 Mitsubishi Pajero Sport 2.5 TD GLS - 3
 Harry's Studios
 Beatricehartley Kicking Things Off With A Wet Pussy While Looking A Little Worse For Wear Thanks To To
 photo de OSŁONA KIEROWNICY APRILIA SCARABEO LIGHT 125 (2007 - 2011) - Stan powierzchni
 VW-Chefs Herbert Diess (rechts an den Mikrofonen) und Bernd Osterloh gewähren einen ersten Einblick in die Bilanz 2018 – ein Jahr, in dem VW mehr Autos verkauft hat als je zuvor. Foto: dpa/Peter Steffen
* * * *
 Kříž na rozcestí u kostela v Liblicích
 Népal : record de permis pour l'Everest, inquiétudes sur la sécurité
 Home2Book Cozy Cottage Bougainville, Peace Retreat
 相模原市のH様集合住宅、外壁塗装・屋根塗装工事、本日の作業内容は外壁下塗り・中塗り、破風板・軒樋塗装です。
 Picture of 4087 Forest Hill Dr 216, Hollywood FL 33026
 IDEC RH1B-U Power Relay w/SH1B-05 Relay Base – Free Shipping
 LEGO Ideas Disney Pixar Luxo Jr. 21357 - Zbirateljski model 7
* * * *
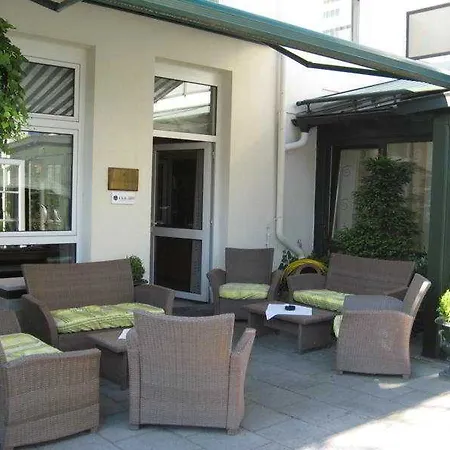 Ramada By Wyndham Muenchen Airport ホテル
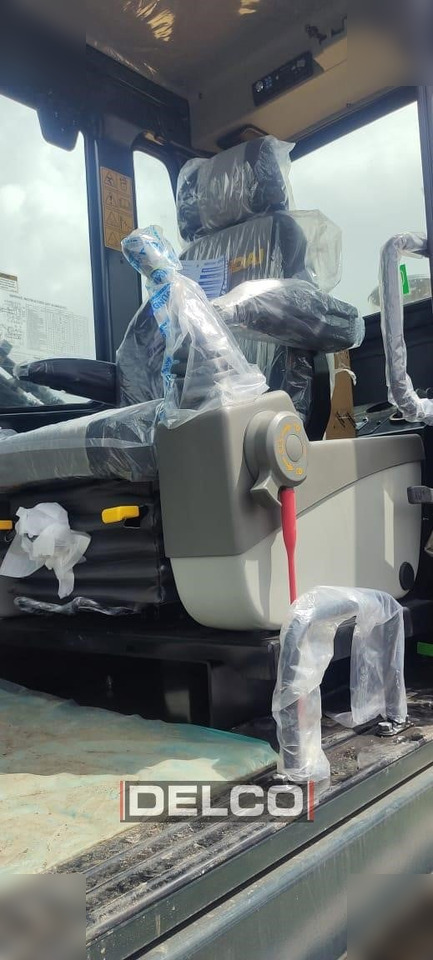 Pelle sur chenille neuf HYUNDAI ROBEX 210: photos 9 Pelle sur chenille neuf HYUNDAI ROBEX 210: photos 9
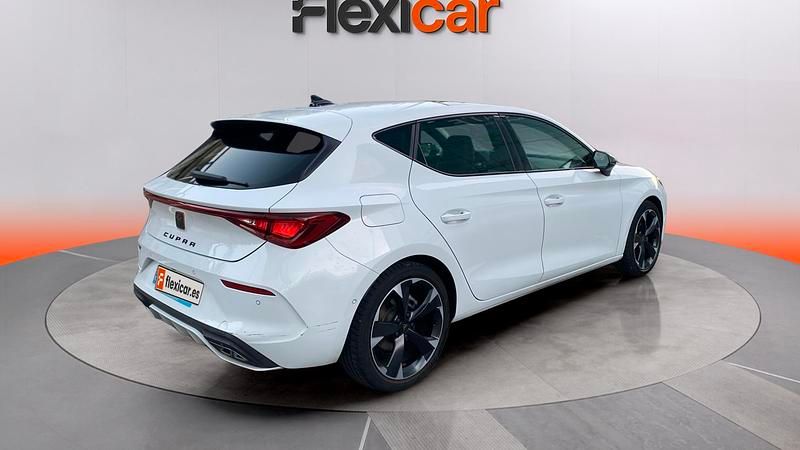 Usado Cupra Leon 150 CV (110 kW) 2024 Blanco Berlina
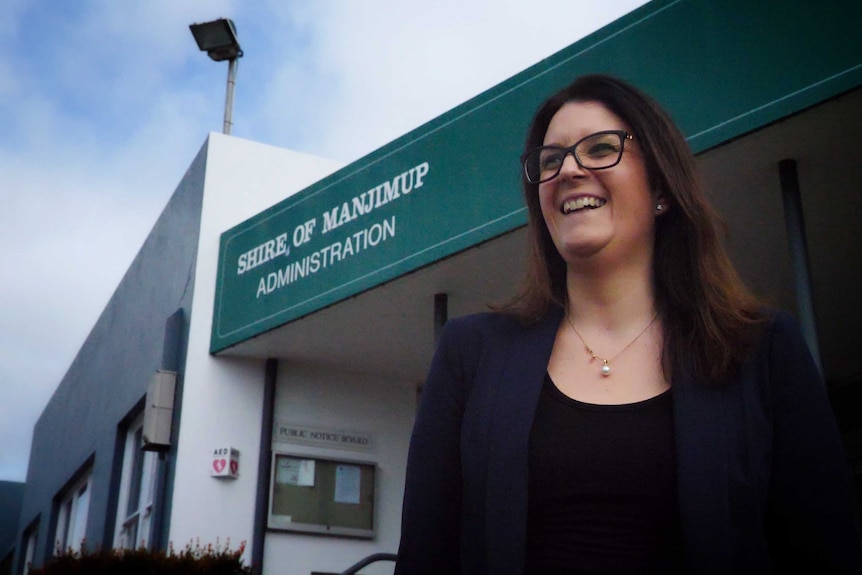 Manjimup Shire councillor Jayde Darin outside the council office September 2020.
* * * *
In the listing above, find the line with "Kříž na rozcestí u kostela v Liblicích" and the line with "LEGO Ideas Disney", then print exactly those lines and every line between them.

 Kříž na rozcestí u kostela v Liblicích
 Népal : record de permis pour l'Everest, inquiétudes sur la sécurité
 Home2Book Cozy Cottage Bougainville, Peace Retreat
 相模原市のH様集合住宅、外壁塗装・屋根塗装工事、本日の作業内容は外壁下塗り・中塗り、破風板・軒樋塗装です。
 Picture of 4087 Forest Hill Dr 216, Hollywood FL 33026
 IDEC RH1B-U Power Relay w/SH1B-05 Relay Base – Free Shipping
 LEGO Ideas Disney Pixar Luxo Jr. 21357 - Zbirateljski model 7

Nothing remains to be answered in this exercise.